━━━ Material for the task ━━━

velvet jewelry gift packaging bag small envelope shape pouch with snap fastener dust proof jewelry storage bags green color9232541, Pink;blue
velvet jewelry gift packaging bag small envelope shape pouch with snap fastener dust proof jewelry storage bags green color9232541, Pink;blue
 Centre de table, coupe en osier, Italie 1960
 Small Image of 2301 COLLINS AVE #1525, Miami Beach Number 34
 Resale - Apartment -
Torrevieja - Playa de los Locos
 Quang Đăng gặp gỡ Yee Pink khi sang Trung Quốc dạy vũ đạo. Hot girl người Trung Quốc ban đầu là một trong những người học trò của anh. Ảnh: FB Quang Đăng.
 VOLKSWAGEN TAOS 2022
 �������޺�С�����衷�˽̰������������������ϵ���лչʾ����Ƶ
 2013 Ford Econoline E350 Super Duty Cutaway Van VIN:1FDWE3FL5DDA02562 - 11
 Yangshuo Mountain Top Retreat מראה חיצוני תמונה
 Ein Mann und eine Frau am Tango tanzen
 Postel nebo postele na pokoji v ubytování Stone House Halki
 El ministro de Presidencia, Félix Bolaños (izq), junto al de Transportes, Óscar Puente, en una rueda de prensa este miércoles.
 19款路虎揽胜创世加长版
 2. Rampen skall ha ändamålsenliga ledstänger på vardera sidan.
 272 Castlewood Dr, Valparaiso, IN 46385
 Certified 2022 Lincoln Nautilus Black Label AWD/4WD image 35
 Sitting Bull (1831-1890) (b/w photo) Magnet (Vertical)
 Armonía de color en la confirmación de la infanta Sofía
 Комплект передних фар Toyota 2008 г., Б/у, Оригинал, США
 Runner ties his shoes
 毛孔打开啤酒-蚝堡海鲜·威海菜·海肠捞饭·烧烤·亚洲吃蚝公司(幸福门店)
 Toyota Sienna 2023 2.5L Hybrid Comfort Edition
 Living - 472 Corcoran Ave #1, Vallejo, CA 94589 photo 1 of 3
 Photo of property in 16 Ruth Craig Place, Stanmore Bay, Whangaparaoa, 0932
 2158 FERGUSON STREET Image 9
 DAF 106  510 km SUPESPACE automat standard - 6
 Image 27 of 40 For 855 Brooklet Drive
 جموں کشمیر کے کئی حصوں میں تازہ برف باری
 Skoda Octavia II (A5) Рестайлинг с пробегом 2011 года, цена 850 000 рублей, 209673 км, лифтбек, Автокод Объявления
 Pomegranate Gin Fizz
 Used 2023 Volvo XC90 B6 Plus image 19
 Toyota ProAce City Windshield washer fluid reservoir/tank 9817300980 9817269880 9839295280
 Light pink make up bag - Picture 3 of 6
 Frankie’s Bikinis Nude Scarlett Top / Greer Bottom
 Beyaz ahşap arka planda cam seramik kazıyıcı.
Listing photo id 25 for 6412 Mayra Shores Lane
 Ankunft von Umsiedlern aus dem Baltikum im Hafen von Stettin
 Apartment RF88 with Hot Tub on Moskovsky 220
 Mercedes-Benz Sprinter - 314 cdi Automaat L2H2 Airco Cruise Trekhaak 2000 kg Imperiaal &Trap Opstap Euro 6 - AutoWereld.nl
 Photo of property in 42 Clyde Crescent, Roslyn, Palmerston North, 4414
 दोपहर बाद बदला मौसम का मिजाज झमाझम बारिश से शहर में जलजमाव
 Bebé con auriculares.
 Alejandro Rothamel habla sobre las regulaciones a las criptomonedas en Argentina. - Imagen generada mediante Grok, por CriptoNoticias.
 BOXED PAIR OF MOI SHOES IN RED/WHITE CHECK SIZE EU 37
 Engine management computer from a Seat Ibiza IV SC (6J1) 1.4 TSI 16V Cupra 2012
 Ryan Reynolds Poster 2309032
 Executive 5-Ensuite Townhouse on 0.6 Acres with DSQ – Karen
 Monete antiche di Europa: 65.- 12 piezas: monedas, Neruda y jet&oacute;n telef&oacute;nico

━━━

> [Exercise description] Nothing beyond the line that contains "Used 2023 Volvo XC90 B6 Plus image 19" belongs in the answer; reproduce the entries exactly from their first line through it.

> [Completed task]
velvet jewelry gift packaging bag small envelope shape pouch with snap fastener dust proof jewelry storage bags green color9232541, Pink;blue
velvet jewelry gift packaging bag small envelope shape pouch with snap fastener dust proof jewelry storage bags green color9232541, Pink;blue
 Centre de table, coupe en osier, Italie 1960
 Small Image of 2301 COLLINS AVE #1525, Miami Beach Number 34
 Resale - Apartment -
Torrevieja - Playa de los Locos
 Quang Đăng gặp gỡ Yee Pink khi sang Trung Quốc dạy vũ đạo. Hot girl người Trung Quốc ban đầu là một trong những người học trò của anh. Ảnh: FB Quang Đăng.
 VOLKSWAGEN TAOS 2022
 �������޺�С�����衷�˽̰������������������ϵ���лչʾ����Ƶ
 2013 Ford Econoline E350 Super Duty Cutaway Van VIN:1FDWE3FL5DDA02562 - 11
 Yangshuo Mountain Top Retreat מראה חיצוני תמונה
 Ein Mann und eine Frau am Tango tanzen
 Postel nebo postele na pokoji v ubytování Stone House Halki
 El ministro de Presidencia, Félix Bolaños (izq), junto al de Transportes, Óscar Puente, en una rueda de prensa este miércoles.
 19款路虎揽胜创世加长版
 2. Rampen skall ha ändamålsenliga ledstänger på vardera sidan.
 272 Castlewood Dr, Valparaiso, IN 46385
 Certified 2022 Lincoln Nautilus Black Label AWD/4WD image 35
 Sitting Bull (1831-1890) (b/w photo) Magnet (Vertical)
 Armonía de color en la confirmación de la infanta Sofía
 Комплект передних фар Toyota 2008 г., Б/у, Оригинал, США
 Runner ties his shoes
 毛孔打开啤酒-蚝堡海鲜·威海菜·海肠捞饭·烧烤·亚洲吃蚝公司(幸福门店)
 Toyota Sienna 2023 2.5L Hybrid Comfort Edition
 Living - 472 Corcoran Ave #1, Vallejo, CA 94589 photo 1 of 3
 Photo of property in 16 Ruth Craig Place, Stanmore Bay, Whangaparaoa, 0932
 2158 FERGUSON STREET Image 9
 DAF 106  510 km SUPESPACE automat standard - 6
 Image 27 of 40 For 855 Brooklet Drive
 جموں کشمیر کے کئی حصوں میں تازہ برف باری
 Skoda Octavia II (A5) Рестайлинг с пробегом 2011 года, цена 850 000 рублей, 209673 км, лифтбек, Автокод Объявления
 Pomegranate Gin Fizz
 Used 2023 Volvo XC90 B6 Plus image 19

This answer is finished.